I recently returned from a fourteen-day cruise to the Adriatic where I visited historical sites in Athens, Greece, Ephesus, Turkey, Dubrovnik, Croatia and Venice, Italy to name a few. On all of these trips, we revisited pages and pages of history in one or two hours of walking tours. Needless to say, I took hundreds of pictures and made some jottings in my little notebook, but when I returned home something very strange happened. In looking at some of the pictures, I couldn’t remember where they were taken. I asked my friend who accompanied me on the trip, “Do you remember where Achilleon’s palace is?”
She shook her head. “No.”
“Do you think it could be in Corfu?”
She knitted her brow. “It could very well be, but I don’t remember what we did in Corfu.”
Neither could I. We burst out laughing. The only reason I could ascribe to that senior moment we seemed to have had, was Corfu was the last place we visited, and by then our brains must have reached saturation point with all the material we were fed over the past two weeks.
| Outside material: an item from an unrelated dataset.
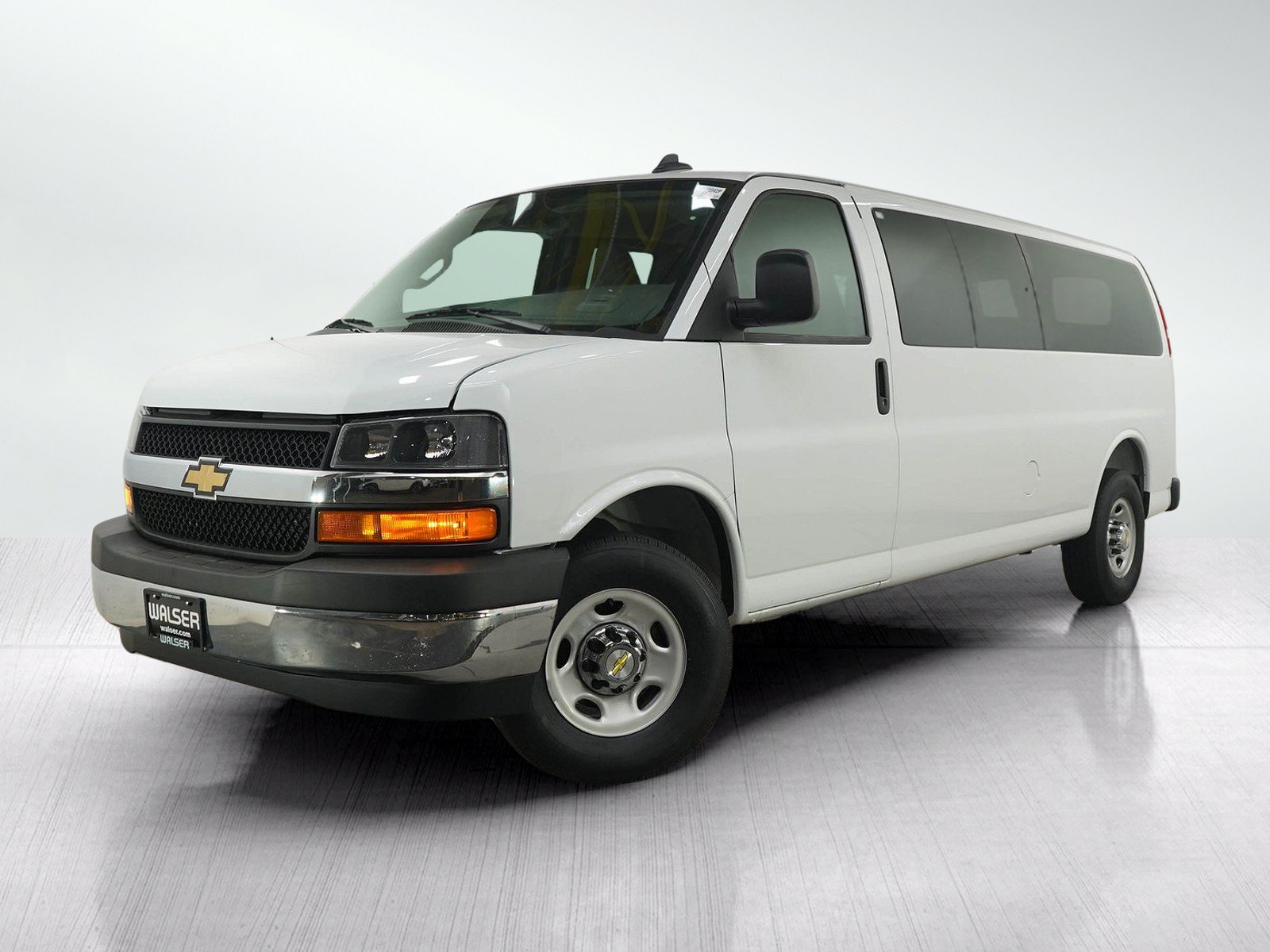 Used 2025 Chevrolet Express 3500 LT w/ LT Preferred Equipment Group RWD video 1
This brings me to something I have learned about being a writer. You must write things down. As soon as they come to you. Don’t wait until you get in front of your computer. I have worked out plot points, scenery descriptions, even dialog in my mind, only to remember just a fragment of them when I sit down to write. And try as I might, the words never sound as beautiful or as poetic as they did in my mind.
So now, after my Corfu experience, I’m going to write things down as they occur to me. Those flashes of inspiration don’t hang around forever. You must grab them now, or consign them to the shredder of your mind.